Before we can talk about cockiness, we have to understand the difference between self-confidence and self-esteem. Self-confidence is situational; it rises and falls with circumstances. When my boss, for example, promoted me I felt a swelling wave of confidence. By the following week, though, my confidence shrunk as I realized that I wasn’t fully capable and trained for my new responsibilities. Self-esteem, however, is cumulative; it grows over time from birth and strengthens when we succeed in challenges and receive meaningful developmental feedback and love.
Imagine for a moment that your psyche is a tree trunk. Self-esteem is like the hard woody center of the tree – the core trunk – that grows and expands year after year. In dry years the growth is minimal, but when conditions are favorable, the core grows by adding a strong ring of wood. Self-confidence, on the other hand, is the bark of the tree – the outer layer that is affected by the sun, wind, birds, and kids with pocketknives.
While our self-confidence can wax and wane in reaction to situational influences of work, relationships, and finances, our self-esteem is a long term process. Cocky people, more often than not, are using their behavior to mask their weak self-esteem.
Praise alone, or honor without effort, does not build personal strength and self-esteem; this growth requires achievement through trial and effort. In his book, The Psychology of Self-Esteem, Nathaniel Branden said, “Self-esteem has two interrelated aspects: it entails a sense of personal efficacy and a sense of personal worth. It is the conviction that one is competent to live and worthy of living.” Self-esteem grows and strengthens through the acquisition of competence which, in turn, grows from practice, purpose, grit, and feedback. Cockiness, on the other hand, is a protective behavioral strategy aimed at hiding insecurity and fear. Here are four dimensions of behavior that highlight the difference between a self-confident and cocky person:
Collaboration: A self-confident person has the personal strength to share work, share praise, and give up some control for the greater good.
A cocky person takes a “my way or the highway” approach in order to maintain their façade of strength and control.
Attention: A self-confident person listens attentively; paraphrases, asks open ended questions, and clarifies for understanding.
A cocky person listens only for material that interest them; returning the focus to them, interjecting, and matching ideas and content.
Accountability: A self-confident person is willing to take responsibility for their life and actions.
A cocky person seeks to blame other and situations for their failures of mistakes.

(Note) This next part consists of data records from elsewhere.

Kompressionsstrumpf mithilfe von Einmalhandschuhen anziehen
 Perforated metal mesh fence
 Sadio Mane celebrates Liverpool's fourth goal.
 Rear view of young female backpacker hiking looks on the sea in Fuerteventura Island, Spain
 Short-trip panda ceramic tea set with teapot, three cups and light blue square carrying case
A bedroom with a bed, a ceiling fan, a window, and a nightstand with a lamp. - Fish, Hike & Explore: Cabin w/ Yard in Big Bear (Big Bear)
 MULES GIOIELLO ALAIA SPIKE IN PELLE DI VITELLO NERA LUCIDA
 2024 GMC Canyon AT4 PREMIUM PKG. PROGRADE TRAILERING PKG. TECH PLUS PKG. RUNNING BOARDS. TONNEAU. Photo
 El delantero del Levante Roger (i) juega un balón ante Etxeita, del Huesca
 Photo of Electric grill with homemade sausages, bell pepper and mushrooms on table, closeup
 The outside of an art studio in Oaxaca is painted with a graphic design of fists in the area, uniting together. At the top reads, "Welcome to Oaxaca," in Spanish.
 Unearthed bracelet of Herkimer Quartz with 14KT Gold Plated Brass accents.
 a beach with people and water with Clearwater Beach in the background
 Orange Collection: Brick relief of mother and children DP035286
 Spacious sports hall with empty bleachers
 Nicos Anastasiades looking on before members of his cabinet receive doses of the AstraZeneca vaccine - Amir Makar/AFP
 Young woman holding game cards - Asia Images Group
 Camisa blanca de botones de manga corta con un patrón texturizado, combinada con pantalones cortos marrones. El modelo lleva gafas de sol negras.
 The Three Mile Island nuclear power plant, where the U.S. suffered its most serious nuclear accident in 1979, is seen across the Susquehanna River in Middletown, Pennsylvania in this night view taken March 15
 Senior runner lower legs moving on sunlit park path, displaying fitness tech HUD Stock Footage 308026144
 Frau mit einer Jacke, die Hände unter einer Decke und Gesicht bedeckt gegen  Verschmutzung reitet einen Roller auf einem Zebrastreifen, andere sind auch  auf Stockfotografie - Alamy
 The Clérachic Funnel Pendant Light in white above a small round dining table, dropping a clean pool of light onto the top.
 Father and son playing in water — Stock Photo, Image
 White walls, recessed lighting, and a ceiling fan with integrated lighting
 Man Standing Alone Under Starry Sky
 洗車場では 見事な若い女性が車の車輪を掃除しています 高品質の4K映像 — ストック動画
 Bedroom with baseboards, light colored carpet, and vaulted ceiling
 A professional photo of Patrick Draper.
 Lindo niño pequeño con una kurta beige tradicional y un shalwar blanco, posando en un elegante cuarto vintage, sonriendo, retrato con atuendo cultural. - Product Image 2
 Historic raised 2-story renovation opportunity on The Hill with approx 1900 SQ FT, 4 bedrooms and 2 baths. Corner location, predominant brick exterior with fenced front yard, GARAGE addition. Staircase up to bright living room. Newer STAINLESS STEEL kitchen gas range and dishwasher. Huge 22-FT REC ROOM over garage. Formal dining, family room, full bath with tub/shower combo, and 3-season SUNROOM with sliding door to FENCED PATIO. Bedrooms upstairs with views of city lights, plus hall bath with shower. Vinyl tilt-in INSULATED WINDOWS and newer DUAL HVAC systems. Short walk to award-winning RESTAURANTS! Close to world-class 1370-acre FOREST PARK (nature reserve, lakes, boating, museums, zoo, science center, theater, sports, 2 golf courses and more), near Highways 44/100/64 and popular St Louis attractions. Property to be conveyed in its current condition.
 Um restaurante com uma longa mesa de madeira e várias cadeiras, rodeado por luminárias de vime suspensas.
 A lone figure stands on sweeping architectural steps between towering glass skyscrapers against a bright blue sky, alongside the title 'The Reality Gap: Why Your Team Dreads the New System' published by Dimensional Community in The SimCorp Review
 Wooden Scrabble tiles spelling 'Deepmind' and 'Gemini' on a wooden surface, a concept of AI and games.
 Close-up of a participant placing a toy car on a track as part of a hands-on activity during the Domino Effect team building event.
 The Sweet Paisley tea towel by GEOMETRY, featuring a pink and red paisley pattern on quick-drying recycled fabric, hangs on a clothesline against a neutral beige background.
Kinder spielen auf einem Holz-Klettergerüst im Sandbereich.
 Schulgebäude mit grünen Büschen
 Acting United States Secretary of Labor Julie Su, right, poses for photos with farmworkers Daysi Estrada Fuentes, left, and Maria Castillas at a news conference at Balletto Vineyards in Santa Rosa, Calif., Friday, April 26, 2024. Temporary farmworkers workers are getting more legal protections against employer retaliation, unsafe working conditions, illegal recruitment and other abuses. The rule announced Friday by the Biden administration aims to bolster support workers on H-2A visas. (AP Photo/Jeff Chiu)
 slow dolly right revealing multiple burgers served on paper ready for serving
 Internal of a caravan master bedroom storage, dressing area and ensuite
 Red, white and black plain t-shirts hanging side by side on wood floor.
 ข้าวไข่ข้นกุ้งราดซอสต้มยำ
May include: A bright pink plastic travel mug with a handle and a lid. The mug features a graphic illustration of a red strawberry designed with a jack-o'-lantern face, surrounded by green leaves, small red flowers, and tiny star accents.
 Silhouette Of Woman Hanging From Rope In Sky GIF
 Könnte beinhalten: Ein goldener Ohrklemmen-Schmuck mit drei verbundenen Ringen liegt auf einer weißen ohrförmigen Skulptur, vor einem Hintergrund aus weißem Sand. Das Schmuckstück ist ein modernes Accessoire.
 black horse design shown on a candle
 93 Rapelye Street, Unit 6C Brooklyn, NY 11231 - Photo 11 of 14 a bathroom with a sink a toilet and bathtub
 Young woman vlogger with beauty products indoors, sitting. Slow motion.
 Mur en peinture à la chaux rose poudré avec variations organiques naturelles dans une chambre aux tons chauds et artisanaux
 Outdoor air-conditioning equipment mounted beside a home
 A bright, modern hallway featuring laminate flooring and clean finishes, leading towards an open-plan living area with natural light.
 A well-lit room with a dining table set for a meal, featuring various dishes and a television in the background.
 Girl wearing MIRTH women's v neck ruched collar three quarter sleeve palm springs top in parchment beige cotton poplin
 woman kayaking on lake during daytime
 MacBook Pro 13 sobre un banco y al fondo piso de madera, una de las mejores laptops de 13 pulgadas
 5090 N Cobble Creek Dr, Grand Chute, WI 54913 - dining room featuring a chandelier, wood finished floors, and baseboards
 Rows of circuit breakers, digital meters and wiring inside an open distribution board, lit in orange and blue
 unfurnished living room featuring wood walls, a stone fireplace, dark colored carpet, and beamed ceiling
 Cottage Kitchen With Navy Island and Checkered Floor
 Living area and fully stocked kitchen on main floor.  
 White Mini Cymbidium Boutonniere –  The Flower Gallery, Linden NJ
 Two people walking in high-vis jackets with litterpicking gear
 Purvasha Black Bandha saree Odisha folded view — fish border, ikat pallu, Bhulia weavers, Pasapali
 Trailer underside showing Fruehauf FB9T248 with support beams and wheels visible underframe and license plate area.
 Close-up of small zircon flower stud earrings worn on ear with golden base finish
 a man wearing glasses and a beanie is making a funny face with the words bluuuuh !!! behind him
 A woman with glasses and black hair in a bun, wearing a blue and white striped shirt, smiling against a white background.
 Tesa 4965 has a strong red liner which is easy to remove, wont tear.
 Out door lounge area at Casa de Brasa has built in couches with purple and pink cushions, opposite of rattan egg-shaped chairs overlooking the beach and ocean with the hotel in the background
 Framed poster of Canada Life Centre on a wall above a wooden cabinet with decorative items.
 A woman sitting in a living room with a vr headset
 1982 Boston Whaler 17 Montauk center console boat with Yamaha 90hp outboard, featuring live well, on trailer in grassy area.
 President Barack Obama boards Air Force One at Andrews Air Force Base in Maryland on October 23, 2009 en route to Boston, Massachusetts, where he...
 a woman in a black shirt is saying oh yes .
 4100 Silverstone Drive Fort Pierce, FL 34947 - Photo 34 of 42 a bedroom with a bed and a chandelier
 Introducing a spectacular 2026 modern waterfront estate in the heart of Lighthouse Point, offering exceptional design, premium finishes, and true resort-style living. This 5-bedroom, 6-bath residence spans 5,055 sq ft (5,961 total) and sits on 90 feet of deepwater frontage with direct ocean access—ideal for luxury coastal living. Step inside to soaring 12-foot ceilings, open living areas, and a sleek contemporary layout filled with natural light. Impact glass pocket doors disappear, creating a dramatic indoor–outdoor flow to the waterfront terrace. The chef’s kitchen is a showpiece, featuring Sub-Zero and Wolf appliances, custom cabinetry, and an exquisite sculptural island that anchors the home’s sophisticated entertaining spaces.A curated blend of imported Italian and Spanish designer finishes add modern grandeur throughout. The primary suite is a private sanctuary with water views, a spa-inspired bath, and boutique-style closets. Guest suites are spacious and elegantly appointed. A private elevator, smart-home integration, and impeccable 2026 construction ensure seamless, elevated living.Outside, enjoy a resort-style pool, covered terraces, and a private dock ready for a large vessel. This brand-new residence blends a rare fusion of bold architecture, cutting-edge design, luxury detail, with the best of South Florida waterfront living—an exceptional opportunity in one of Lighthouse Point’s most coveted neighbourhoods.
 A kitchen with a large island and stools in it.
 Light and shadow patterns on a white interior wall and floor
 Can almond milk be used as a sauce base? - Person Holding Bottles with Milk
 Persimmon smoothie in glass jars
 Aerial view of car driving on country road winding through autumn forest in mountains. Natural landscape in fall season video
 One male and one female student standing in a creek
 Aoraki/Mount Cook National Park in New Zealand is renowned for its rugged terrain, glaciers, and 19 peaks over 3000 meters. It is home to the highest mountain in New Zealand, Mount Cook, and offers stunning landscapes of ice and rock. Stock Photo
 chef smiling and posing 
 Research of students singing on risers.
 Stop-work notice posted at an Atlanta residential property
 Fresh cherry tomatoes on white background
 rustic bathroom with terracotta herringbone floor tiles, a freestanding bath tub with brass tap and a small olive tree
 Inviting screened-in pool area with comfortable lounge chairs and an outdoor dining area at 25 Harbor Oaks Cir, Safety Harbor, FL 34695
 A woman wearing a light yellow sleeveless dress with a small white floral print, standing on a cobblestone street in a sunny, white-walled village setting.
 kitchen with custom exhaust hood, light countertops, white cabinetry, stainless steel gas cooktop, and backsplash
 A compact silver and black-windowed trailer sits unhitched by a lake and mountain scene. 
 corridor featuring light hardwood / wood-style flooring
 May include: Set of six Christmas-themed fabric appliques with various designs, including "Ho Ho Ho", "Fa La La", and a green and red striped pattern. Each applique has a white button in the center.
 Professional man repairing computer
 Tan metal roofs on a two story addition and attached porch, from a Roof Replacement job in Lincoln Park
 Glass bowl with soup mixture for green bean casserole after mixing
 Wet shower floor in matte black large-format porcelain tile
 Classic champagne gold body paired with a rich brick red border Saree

Humility: A self-confident person accepts that they aren’t the center of the universe.
A cocky person insists that they are the center of the universe.
Cockiness is an aggressive form of masking weakness. Rather than being threatened or annoyed by a cocky person, see if you can help them cultivate a real sense of self-confidence. And consider these ideas for managing a cocky person:
1. Keep your distance: this is an obvious one, but not always easy to implement with a co-worker or boss.
2. Set boundaries: you have every right to determine what’s acceptable and what’s unacceptable to you. Declare your boundaries and stick to them.
3. Practice mindful observation: Notice. Pay attention to the details of what they’re doing. Observe and evaluate them from a mental distance rather than getting caught up in the story.
4. Be brief: You may have to counter their position or even protect yourself and your boundaries. In that case be succinct and to the point, given they are probably poor listeners and apt to turn your words against you.
5. Find your funny bone: A sense of humor is a powerful coping mechanism. No, don’t make fun of them in public, rather, put a lens of humor over your eyes and see how it affects your reaction to their antics; you won’t get as bought in as usual.